The Ikon-o-clast

When I was 9 or 10, my dad gave me a Ricoh rangefinder with a fixed lens.  I could feel the power.  You know as well as I do what it meant, no more 126 cartridges or 110 cameras.

“No, sir, Mr-Drugstore-salesman.  It’s 35mm for me.” I proudly exclaimed.

For some reason, I keep going back to that rangefinder mentality.  Now, I have my grandfather’s Leica M2 and an M6 that I bought from Bernie at Tuttle Cameras.   Before picking up that M6, Bernie and I discussed, at length, Zeiss’ to start a war in my photography niche.   Eventually, the camera and it’s lenses revealed themselves.  Some out-resolved the Leica glass in certain corners of the charts.  Some just had that spectacular Zeiss look.

Just read Rangefinder Forum.  You’ll get a nice cross-section of those dedicated to the glory of the rangefinder camera.  They wouldn’t hear any arguments of SLR vs Rangefinder.  No, not there.  After all, you heathen, SLRs are cameras that Satan’s spawn carry on Holiday.  Just look at what happens when you point that huge contraption at someone.  It’s the Hawthorne Effect in full swing, bitches.  On the other hand, rangefinders are objects of elegance.  Even a physicist would love it.  Rangefinders cut down the controls to minimalist ideals.  Who needs movie mode, when you just want a silky smooth 11×14 of minimal depth of field goodness?

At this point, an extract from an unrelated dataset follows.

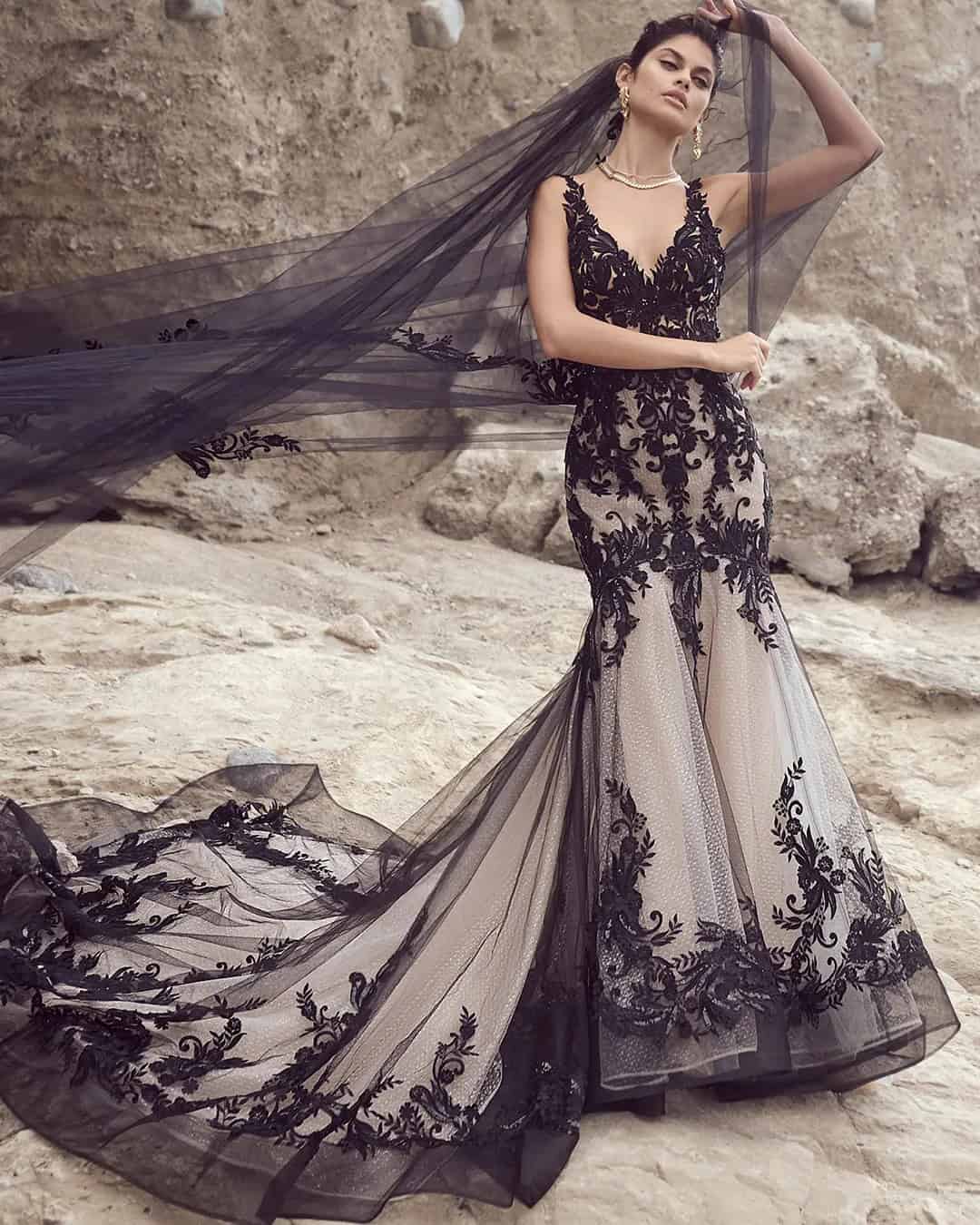 Lace Bridal Gowns For Black Party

Now, what’s this?  Zeiss?  A rangefinder, in the digital age?  This will get interesting.  I heard all kinds of arguments.  “It needs a battery, and M-3 doesn’t need such things.”  Ahhh, the pixel peepers roots were just forming.  Who cares?  Just shoot the effing thing…

Here’s their story.

 

This entry was posted in News.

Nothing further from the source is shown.